Whatever we decide, we should at least support the format that the DeviceType export function exports in, which is currently multiple yaml documents via. dump_all(), so it needs to be changed if we change the format.

peteeckel commented 1 year ago

I made an experiment, just to check my own perception (sometimes you live in a strange bubble), and asked a few colleagues what they think of first when they should represent the data structure of multiple records with specific fields as a YAML structure. All of them came up with the 'list of dictionaries' idea, some of them didn't even know that the multi-document approach exists (I did, but it was stored away in some very remote attic of my brain).

What's the rationale behind using dump_all()? Is there any use case that makes dump() impractical or less obvious? I'm trying to figure out the advantage of using what I feel is a slightly exotic format.
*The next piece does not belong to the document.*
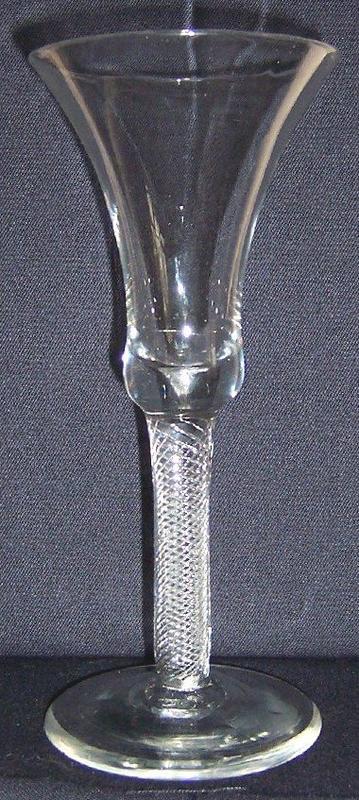 Multiple Spiral Air Twist Wine Glass  c 1755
Anyway, IMHO it makes sense to be tolerant in what you accept and strict in what you emit - so I'd really prefer the approach outlined above of accepting any structure that represents the record structure that needs to be imported.

By the way, I tried to import

{
    "address": "10.1.5.1/24",
    "status": "active"
},
{
    "address": "10.1.5.2/24",
    "status": "active"
}

(with and without the comma between the dictionaries) as JSON input - both were not accepted. So in JSON the only valid form structure is what would, when parsed as YAML (which is possible, JSON usually is valid YAML as well) be represented as

- address: 10.1.5.1/24
  status: active
- address: 10.1.5.2/24
  status: active
jeremystretch commented 1 year ago

Hm. That is probably not what anyone would expect when YAML is mentioned. It definitely is a very special case that does not make too much sense to me.

This is the same way the device type YAML import has worked for years.

peteeckel commented 1 year ago

This is the same way the device type YAML import has worked for years.

Never mind - I can adjust to that, my point is just that IMHO it is a quite unusual variant of YAML.

The main point of this issue still remains - getting the input format wrong while providing a valid YAML structure should not cause an exception later in the process, but a ValidationError while cleaning the input.

The current code only checks for YAML validity (a test that all of my input variants passed) in _clean_yaml and then an exception is raised later when the parsed data structure does not match the implicitly expected format.